The sub was mentioned in a 2016 report on Denmark’s Arctic defense, which said candidly that “there is no access to a coherent picture” of the situation in the area of responsibility for its Arctic Command. Neither the airspace nor activities below sea-level are monitored.
As there is no surveillance, it said, “it is not possible to assess whether violations of sovereignty are taking place in the air. Thus, no deliberate violations of the airspace … have been found.”
In another part of the Arctic that year, a U.S. Coast Guard vessel accidentally discovered a joint Russian-Chinese naval exercise in Arctic waters near Kamchatka, said Paul Zukunft, who retired as Commandant of the U.S. Coast Guard in 2018.
“This is a region where we did not have any satellite coverage,” he said. “But we did have a ship up there, and they literally stumbled upon this joint naval exercise between Russia and China that otherwise would not have been known.”
Russia’s ambassador said there are no joint Russian-Chinese military-naval exercises in the Arctic Ocean. The Chinese foreign ministry did not comment.
The Danish government promised in 2019 to upgrade military spending in Greenland with a payment of 1.5 billion Danish crowns ($237 million) for surveillance. Denmark’s Bramsen said that was a “first step” and Copenhagen has yet to decide how to spend the money.
For now, Denmark has no satellites to monitor traffic around Greenland. In 2018, it started receiving a few satellite images a day from the European Union’s Maritime Safety Agency, but they aren’t always detailed enough for military purposes.
“Denmark will never be able to defend itself in the Arctic,” said Steen Kjaergaard, head of the Centre for Arctic Security Studies at the Royal Danish Defence College, which does research for the defense ministry.
“The government is trying to strike a balance.”
That balance is becoming increasingly delicate. For years, it’s been fairly easy for foreign researchers to access the waters around Greenland and those between Greenland, Iceland and the U.K., researchers and military sources say: All that’s needed is to fill in a form seeking permission.
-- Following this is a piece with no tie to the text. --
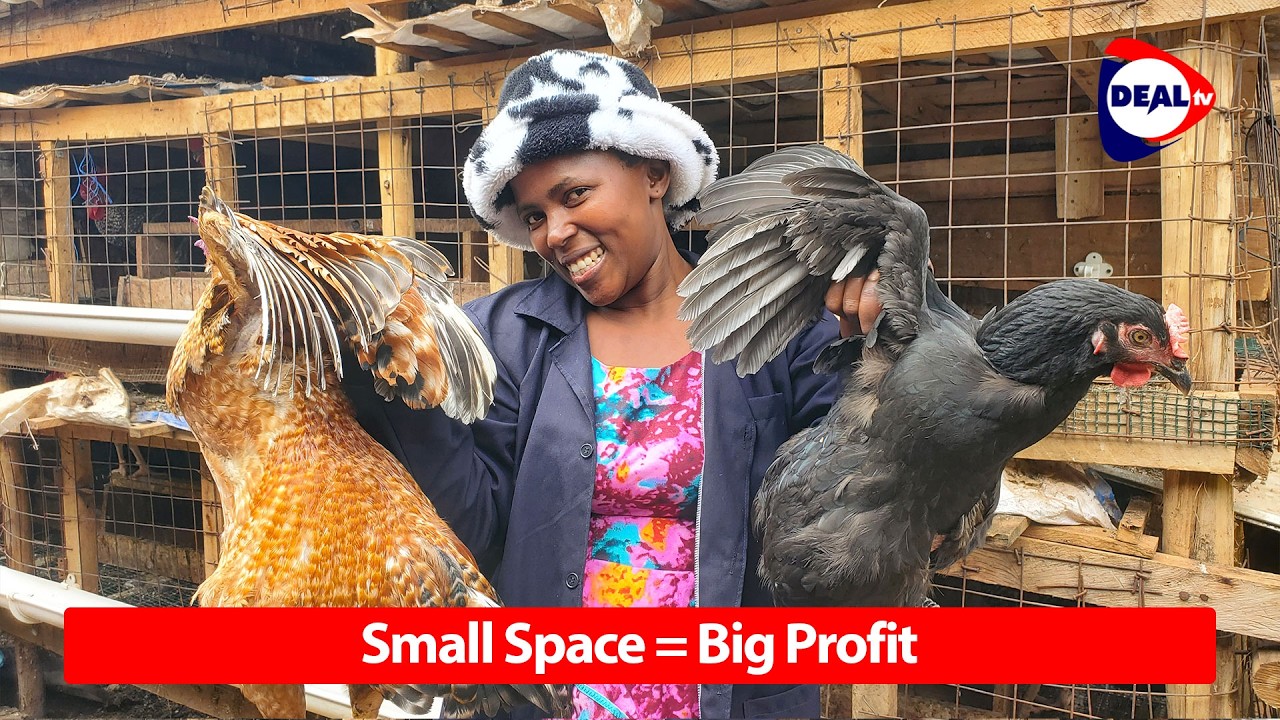Earn 5M Monthly with Cage Chicken Farming in a Small Space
Last year, though, Danish authorities failed to approve an application from a Swiss-led group of international researchers, the government said in response to a Freedom of Information request from Reuters. The researchers were planning to travel on a Russian icebreaker, 50 Let Pobedy (50 Years of Victory) on the first-ever circumnavigation of Greenland.
Authorities let the application expire without responding.
Two sources with knowledge of the matter said they had become suspicious that the icebreaker, used for several earlier expeditions in Greenland, could serve non-scientific purposes such as tapping information from subsea fibre cables or mapping the seabed to ease access for Russian submarines.
In 2016, a Russian vessel, Yantar, which the U.S. Navy has alleged transports submersibles that can sever and tap into cables miles beneath the ocean’s surface, anchored outside Nuuk, where a subsea communications cable lands that connects Iceland and America.
Ambassador Barbin said Russia considered the icebreaker decision an “unfortunate misunderstanding,” noting that this year Denmark agreed to another Russian icebreaker visiting Greenland and the Faroe Islands.
Even NATO allies arrive unannounced in these vast, dark waters.
Foreign ships usually report their arrival using the international Automatic Identification System ship-tracking system. When analysing satellite images, the Joint Arctic Command often identifies what it calls “dark targets” — objects that look like ships but can’t be identified on the system.
If the Danish military sends out vessels or helicopters to the target, they often find an iceberg. When the targets have turned out to be ships, these have most often been U.S. marine vessels that haven’t reported their arrival, military sources say.
The U.S. embassy didn’t comment. Denmark’s defense ministry said the allies are working to bolster information sharing.